Autumn The Human Condition
Author:David Moody

Chapter Seven
'No you listen,' I began to pointlessly protest, 'I'm not...'

'Get the manager,' he interrupted with a tone of infuriating superiority. 'I don't need to speak to you any longer.'

Another one of those moments which seemed to last forever. I was suddenly so full of anger and contempt that, once again, I was too wound up to move. Compounding my awkwardness was the fact that the other customers had all now stopped eating and were watching and waiting to see what I'd do next. I glanced back over my shoulder and saw that the Neanderthals in the kitchen were peering out through the portholes at me too, grinning like the idiots I knew they were.

'Well?' the customer sighed.

I turned and walked, pushing my way through the swinging doors to the kitchen, sending Jamie flying.

'Where's Trevor?'

'Fag break,' Keith replied.

I stormed out through the back door to where Trevor, our so-called manager, was standing smoking a cigarette. He was leaning up the rubbish bins, reading Keith's newspaper.

'Trevor,' I began.

'What?' he grunted, annoyed that I'd interrupted him.

'I've got a problem with a customer. He says he wants to speak to the manager.'

'Tell him you're the manager.'

'Why should I?' He shrugged his shoulders.

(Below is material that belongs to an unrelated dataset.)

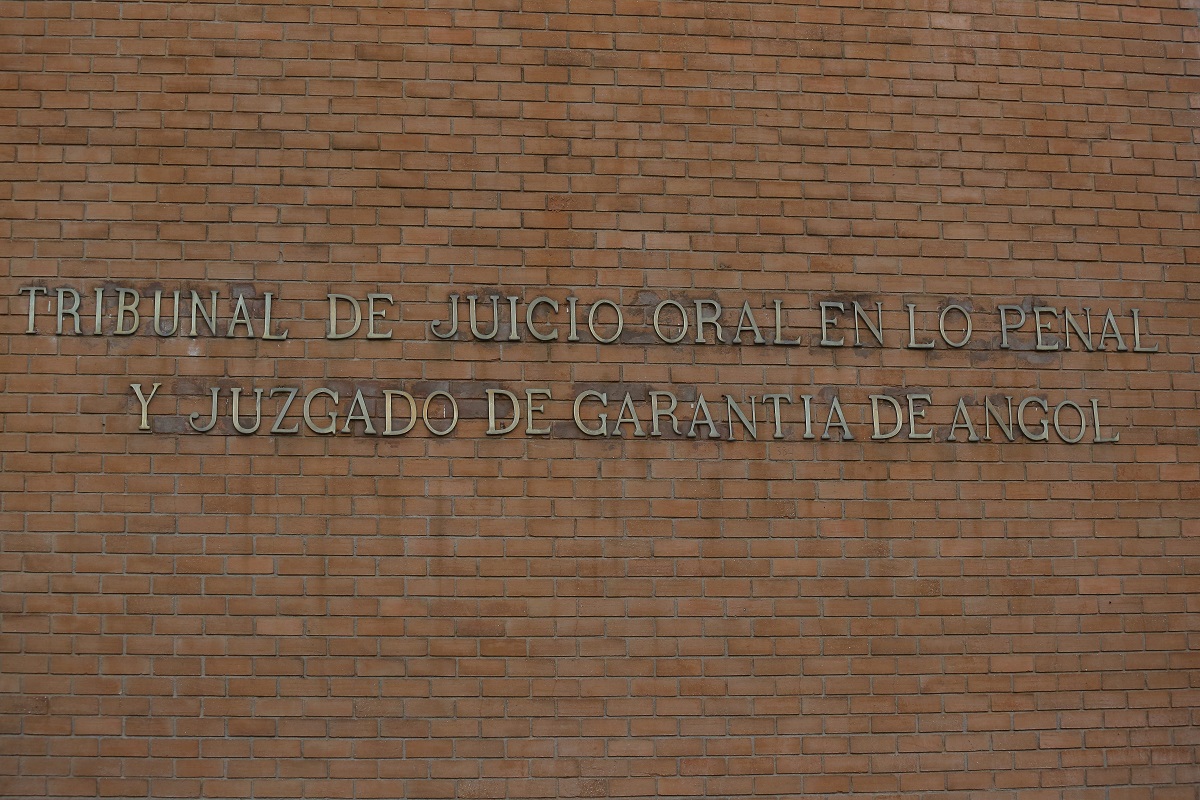 Angol: Inicio Juicio Del Caso Catrillanca En Contra De Ex Carabineros Imputados Por La Muerte Del Comunero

'Tell him I've gone out to a meeting.'


'Tell him I've got Health and Safety coming.'


'For Christ's sake,' he groaned, finally lifting his head from the paper, 'just deal with it will you. What the hell do I pay you for? Dealing with customers is your responsibility.'

'Looking after your staff is yours.'

'Oh give it a rest...'

'He swore at me! I'm not prepared to speak to a customer who's going to swear at me. Do you know how bloody insulting he was when...?'

'Now you're swearing at me. You can't have it both ways, love!'

That was it. That was the straw that broke the camel's back. I ripped off the bloody stupid pinafore that they made me wear and threw it at Trevor, along with my order pad.

'I've had enough! Stick your bloody job!'

I couldn't afford to do what I was doing, but at the same time I couldn't put myself through it any longer. This wasn't the first time this had happened, and I knew that if I stayed in the job it wouldn't be the last. I pushed my way back into the kitchen, grabbed my coat, and marched out through the restaurant.

'Is the manager on his way?' the odious little customer asked at the top of his voice as I walked past. I stopped and turned round to face him. His food couldn't have been too bad because he'd managed to eat half of it.

'No he isn't,' I answered. 'The manager cannot be bothered to come and speak to you, and I can't be bothered wasting my time dealing with pathetic little fuckers like you either. You can stick your meal and your attitude and your complaint up your arse, and I hope you fucking choke on your food!'

And he did.

Still chewing a mouthful of breakfast, the sickening, smug grin of superiority which had been plastered across the idiot's face as he watched me ranting at him suddenly disappeared. He stopped eating. His eyes began to water and the veins in his neck began to bulge. He spat out his food.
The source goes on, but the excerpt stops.